For me, these insults forever devauled something that I loved (admittedly, still love, but with a heavy heart).  For these reasons, I gave my vote to LOTR.  And no, it was not bum numbing for me - not by a longshot.  I wish the movies would have been longer - 5 or 6 hours each would have been nice.   Because as much as I *saw* and lived Star Wars in my youth, I *read* and lived LOTR.  It was nice to be able to see it, and see it done well by a director in his prime, who is willing to put 100% into *every* facet of movie-making (not just the special effects).

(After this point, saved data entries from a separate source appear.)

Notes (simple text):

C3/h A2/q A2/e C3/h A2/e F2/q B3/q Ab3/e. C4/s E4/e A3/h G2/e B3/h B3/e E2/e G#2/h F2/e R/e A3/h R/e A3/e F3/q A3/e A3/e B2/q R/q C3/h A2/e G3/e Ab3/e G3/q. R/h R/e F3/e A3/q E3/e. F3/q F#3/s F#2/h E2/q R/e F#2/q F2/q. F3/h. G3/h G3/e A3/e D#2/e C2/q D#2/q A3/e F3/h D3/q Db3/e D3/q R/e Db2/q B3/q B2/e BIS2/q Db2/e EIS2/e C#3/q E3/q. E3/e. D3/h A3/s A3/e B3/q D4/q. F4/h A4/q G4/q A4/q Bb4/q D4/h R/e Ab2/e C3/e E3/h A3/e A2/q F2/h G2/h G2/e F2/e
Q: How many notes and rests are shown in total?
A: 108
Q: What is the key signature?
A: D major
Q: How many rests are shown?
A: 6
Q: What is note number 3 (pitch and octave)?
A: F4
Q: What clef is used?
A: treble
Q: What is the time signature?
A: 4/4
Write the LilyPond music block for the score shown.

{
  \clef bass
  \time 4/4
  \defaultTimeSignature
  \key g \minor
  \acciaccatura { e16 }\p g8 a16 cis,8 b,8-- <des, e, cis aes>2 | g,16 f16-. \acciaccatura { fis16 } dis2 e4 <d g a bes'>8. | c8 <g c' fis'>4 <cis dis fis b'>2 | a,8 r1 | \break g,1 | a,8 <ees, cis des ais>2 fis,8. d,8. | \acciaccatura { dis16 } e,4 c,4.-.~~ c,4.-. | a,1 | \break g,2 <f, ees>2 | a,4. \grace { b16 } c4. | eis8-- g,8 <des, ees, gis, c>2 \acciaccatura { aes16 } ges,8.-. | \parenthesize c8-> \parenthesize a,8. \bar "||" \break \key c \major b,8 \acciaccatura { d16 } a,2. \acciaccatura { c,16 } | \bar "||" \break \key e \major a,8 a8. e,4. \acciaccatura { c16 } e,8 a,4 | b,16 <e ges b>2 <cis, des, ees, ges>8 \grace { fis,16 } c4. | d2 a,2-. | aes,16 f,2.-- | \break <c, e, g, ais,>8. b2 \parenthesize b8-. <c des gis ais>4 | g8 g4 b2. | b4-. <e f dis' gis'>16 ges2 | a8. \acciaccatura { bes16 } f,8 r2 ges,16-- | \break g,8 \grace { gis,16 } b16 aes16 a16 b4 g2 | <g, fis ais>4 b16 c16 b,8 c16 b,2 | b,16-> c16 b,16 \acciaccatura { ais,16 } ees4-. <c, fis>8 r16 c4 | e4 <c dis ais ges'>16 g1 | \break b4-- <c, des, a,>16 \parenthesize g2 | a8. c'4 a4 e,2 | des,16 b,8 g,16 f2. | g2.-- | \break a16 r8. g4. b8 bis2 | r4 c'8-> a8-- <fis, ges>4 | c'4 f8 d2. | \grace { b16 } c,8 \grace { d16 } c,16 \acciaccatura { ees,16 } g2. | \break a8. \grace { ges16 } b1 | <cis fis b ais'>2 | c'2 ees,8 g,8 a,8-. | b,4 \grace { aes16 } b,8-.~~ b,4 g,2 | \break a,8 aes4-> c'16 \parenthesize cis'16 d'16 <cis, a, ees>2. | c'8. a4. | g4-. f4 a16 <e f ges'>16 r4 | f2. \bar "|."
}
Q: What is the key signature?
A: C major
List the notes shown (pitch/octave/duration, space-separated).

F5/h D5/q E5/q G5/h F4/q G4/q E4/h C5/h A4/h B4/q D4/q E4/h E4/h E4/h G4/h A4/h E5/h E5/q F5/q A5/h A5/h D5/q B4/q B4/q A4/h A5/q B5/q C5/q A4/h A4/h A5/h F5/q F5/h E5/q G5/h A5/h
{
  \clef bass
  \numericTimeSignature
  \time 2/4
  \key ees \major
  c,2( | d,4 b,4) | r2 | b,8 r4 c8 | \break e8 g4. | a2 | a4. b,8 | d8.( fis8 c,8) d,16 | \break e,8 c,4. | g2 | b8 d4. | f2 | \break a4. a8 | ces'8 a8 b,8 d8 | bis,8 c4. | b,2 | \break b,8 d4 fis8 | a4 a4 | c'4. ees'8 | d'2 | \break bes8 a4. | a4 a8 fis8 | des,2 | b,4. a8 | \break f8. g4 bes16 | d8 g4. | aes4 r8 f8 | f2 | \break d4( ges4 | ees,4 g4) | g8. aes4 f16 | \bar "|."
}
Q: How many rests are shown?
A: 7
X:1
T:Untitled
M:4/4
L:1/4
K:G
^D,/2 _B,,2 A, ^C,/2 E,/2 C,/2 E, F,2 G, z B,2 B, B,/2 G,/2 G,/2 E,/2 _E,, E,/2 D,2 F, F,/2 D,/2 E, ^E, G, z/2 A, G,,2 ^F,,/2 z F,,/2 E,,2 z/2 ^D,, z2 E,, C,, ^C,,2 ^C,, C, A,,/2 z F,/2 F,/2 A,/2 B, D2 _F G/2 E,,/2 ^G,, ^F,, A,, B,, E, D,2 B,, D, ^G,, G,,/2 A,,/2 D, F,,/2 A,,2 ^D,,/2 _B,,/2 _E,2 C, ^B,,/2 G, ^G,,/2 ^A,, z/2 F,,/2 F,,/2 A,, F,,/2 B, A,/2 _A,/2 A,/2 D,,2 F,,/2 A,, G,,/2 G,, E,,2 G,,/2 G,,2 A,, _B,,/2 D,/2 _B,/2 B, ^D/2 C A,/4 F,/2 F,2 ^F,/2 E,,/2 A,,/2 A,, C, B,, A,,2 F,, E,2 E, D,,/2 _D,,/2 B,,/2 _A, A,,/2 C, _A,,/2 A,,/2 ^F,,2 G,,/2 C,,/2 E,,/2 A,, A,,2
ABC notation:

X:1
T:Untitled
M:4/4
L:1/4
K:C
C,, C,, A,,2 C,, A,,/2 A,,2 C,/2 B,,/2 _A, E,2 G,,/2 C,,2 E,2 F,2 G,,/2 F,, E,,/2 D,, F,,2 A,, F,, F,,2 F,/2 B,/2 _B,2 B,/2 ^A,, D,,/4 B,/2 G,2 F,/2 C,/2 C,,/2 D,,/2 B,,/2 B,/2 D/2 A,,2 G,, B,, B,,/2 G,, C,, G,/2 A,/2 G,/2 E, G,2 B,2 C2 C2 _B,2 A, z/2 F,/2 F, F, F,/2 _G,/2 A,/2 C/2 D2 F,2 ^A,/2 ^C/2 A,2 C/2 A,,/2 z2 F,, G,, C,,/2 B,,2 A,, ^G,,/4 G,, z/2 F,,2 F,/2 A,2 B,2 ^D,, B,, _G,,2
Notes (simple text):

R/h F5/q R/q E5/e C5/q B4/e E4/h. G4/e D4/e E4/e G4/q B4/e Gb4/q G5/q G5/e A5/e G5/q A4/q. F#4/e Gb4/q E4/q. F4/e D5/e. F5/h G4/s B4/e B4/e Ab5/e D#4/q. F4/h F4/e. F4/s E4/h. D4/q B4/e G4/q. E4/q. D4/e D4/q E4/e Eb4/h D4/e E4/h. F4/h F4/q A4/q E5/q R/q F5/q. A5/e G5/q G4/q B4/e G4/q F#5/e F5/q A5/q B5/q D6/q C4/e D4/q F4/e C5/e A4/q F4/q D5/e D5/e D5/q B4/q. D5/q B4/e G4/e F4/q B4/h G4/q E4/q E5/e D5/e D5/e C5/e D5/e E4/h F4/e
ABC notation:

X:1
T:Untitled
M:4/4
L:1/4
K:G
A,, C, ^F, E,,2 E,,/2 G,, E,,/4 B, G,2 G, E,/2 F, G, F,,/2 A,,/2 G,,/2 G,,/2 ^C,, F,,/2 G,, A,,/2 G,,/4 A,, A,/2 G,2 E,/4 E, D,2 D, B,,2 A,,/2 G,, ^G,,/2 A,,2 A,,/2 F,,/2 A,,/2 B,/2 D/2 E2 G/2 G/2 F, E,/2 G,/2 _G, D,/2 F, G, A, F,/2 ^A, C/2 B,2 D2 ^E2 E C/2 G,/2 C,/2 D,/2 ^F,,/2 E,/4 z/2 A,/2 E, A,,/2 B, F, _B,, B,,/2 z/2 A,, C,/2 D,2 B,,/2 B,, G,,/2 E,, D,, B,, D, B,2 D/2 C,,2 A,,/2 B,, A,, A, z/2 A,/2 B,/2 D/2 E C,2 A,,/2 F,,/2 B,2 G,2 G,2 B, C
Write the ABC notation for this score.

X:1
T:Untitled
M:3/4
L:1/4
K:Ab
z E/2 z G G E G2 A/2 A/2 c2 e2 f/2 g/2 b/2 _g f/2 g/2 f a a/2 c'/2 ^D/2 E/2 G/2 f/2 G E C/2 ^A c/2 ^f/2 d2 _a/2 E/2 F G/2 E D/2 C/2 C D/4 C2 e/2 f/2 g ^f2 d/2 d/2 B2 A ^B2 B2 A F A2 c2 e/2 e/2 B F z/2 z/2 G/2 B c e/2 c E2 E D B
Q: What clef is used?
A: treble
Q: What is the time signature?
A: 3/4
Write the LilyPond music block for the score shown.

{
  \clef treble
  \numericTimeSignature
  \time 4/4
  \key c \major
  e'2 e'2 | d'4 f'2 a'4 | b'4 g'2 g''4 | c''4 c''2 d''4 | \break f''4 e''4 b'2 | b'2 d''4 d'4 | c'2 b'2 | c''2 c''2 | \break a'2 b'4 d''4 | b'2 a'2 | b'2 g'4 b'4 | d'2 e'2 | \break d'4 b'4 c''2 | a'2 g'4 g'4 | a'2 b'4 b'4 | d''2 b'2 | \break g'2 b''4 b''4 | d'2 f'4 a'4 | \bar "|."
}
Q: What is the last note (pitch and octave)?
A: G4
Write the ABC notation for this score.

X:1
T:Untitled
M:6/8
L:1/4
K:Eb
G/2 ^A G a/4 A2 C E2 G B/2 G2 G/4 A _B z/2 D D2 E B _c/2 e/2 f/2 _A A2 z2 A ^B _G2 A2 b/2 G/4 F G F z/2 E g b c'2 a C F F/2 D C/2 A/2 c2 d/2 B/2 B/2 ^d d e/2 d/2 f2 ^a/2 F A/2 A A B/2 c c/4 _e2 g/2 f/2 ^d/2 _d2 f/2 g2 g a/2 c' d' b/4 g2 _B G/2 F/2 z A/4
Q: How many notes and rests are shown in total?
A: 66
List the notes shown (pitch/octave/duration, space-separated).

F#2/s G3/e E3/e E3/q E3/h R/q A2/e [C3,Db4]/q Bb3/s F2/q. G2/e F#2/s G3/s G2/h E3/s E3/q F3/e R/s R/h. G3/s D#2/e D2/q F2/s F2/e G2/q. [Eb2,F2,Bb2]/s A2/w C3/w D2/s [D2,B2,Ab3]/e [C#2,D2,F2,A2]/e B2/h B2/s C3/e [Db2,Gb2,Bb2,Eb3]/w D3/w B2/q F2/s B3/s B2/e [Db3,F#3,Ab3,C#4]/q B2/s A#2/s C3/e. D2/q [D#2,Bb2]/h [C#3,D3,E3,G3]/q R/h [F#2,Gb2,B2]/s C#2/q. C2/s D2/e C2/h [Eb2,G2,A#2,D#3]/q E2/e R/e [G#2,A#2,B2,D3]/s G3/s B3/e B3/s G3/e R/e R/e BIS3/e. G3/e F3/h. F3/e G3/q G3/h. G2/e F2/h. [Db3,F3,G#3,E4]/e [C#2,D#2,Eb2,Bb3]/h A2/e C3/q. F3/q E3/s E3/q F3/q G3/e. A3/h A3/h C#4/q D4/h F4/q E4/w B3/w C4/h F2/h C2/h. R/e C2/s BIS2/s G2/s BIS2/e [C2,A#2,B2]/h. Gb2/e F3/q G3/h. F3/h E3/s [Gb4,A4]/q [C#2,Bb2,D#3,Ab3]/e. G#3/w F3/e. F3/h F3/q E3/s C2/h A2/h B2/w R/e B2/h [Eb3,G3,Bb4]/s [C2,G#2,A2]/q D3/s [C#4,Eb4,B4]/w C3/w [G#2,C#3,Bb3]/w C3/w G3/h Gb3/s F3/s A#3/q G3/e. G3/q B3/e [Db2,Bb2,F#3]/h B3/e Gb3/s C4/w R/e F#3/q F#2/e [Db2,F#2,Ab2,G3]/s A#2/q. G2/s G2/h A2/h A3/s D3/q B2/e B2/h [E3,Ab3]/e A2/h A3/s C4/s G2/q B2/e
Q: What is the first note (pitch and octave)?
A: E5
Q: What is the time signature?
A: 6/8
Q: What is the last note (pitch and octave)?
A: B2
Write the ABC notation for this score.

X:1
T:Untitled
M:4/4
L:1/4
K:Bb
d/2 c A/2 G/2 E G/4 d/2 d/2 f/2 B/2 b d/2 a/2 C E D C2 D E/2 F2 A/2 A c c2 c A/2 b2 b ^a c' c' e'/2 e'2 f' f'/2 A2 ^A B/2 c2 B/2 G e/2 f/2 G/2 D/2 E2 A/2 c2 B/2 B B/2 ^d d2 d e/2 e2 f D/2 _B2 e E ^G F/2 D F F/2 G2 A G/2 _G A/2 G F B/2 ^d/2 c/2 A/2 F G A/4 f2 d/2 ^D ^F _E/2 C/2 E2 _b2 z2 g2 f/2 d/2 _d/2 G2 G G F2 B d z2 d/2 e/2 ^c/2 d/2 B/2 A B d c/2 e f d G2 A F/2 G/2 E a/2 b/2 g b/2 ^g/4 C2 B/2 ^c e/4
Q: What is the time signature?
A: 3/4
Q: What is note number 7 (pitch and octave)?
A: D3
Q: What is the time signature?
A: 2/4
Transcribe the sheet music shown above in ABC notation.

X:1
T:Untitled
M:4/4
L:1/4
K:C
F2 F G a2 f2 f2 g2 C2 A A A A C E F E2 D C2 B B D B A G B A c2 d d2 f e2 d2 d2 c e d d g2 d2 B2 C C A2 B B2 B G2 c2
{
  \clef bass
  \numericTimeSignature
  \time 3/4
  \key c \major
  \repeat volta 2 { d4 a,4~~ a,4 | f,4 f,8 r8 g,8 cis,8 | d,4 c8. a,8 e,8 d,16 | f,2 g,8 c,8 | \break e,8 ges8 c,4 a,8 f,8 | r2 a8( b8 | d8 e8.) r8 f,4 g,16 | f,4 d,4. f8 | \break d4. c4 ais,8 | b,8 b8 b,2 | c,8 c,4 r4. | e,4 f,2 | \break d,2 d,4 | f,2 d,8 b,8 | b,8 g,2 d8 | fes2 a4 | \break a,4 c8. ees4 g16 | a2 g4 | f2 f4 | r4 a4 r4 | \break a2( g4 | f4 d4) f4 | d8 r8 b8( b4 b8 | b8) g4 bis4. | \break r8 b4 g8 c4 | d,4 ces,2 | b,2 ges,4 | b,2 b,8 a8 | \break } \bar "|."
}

And yes, Star Wars was revolutionary as a movie.  So was LOTR, as both book and movie.  Each one paves the way for the next.


----------



## Frey Slayer (Apr 20, 2005)

I agree with Red Temple, he pretty much said it all. 
Jackson made LOTR for the fans
Lucas made E1-3 for himself. 
This makes all the difference in the world. 

C3PO in every movie???? Why? He should have just re-used the French brownies from Willow, that would have made more sense AND been more entertaining.


----------



## MoonLover (Apr 20, 2005)

Two words:

JarJar Binks! Dear George lost me after that one.

Karen


----------



## ravenus (Apr 20, 2005)

Both highly overrated by their respective fanboys. They're reasonably fun movies with some amazing technical leaps but when you have so much iconization, it just annoys me no end.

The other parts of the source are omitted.